* _WHAT IS NEEDED_: Word for word, copy out the data below, omitting pictures.

* _RECORDED INFORMATION_:
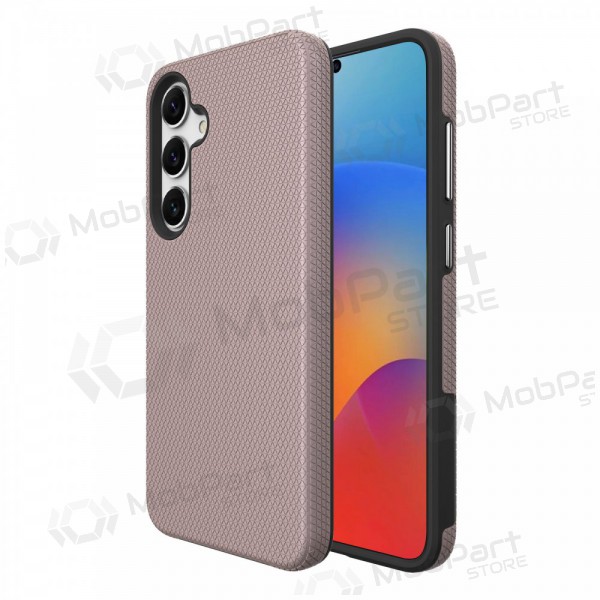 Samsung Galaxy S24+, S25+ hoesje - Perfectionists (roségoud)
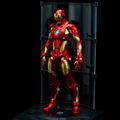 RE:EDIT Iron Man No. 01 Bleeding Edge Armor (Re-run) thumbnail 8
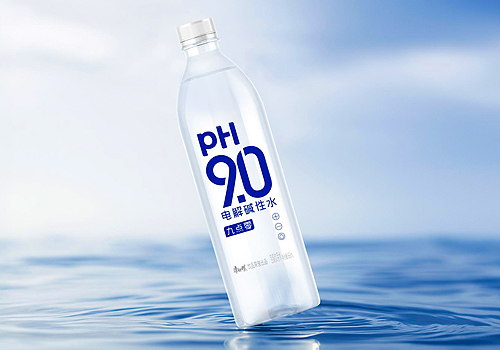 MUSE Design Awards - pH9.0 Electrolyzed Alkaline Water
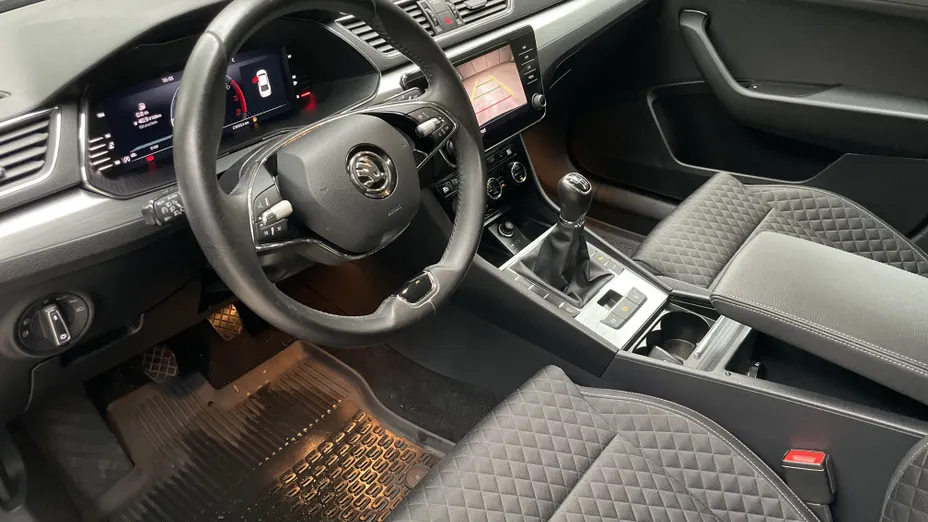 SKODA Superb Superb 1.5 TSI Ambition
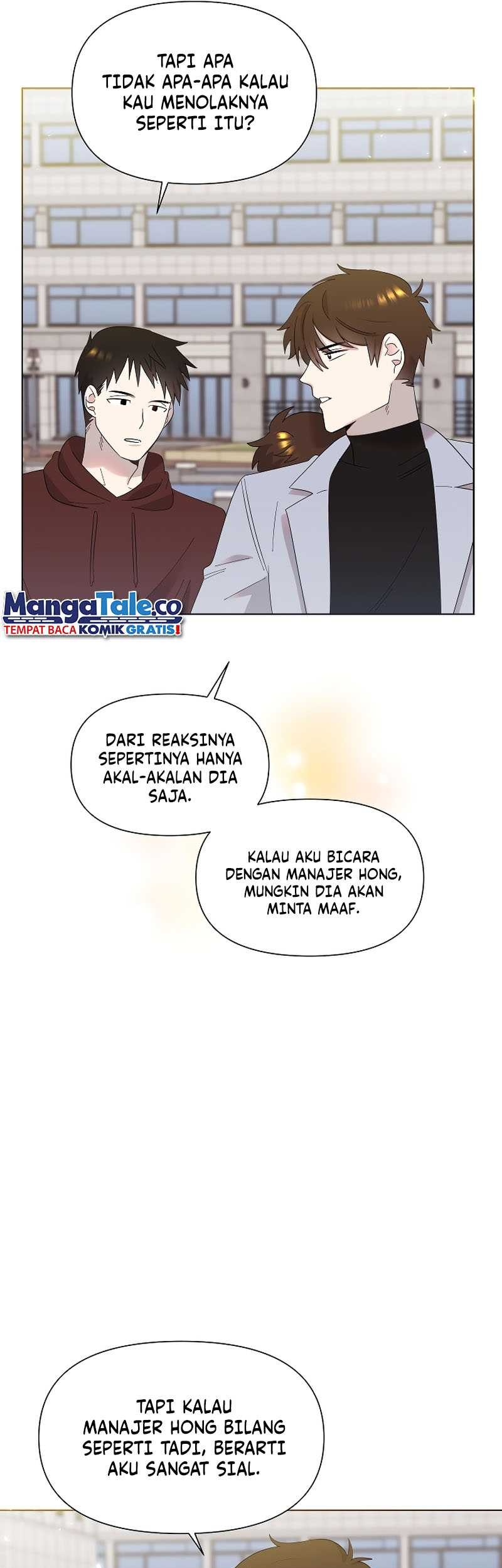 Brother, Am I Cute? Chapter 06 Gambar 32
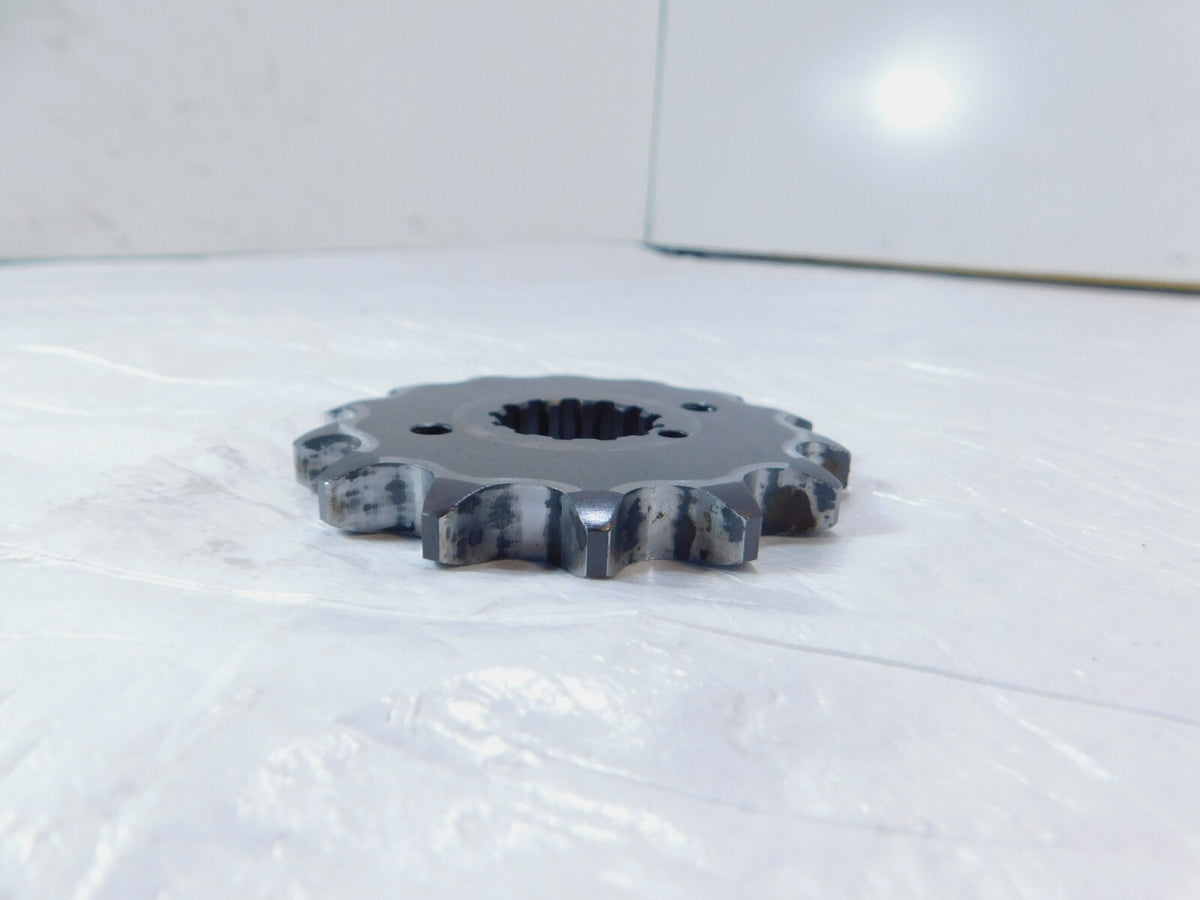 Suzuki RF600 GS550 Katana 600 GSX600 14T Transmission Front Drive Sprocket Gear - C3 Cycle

* _THE COMPLETED TASK_:
 Samsung Galaxy S24+, S25+ hoesje - Perfectionists (roségoud)
 RE:EDIT Iron Man No. 01 Bleeding Edge Armor (Re-run) thumbnail 8
 MUSE Design Awards - pH9.0 Electrolyzed Alkaline Water
 SKODA Superb Superb 1.5 TSI Ambition
 Brother, Am I Cute? Chapter 06 Gambar 32
 Suzuki RF600 GS550 Katana 600 GSX600 14T Transmission Front Drive Sprocket Gear - C3 Cycle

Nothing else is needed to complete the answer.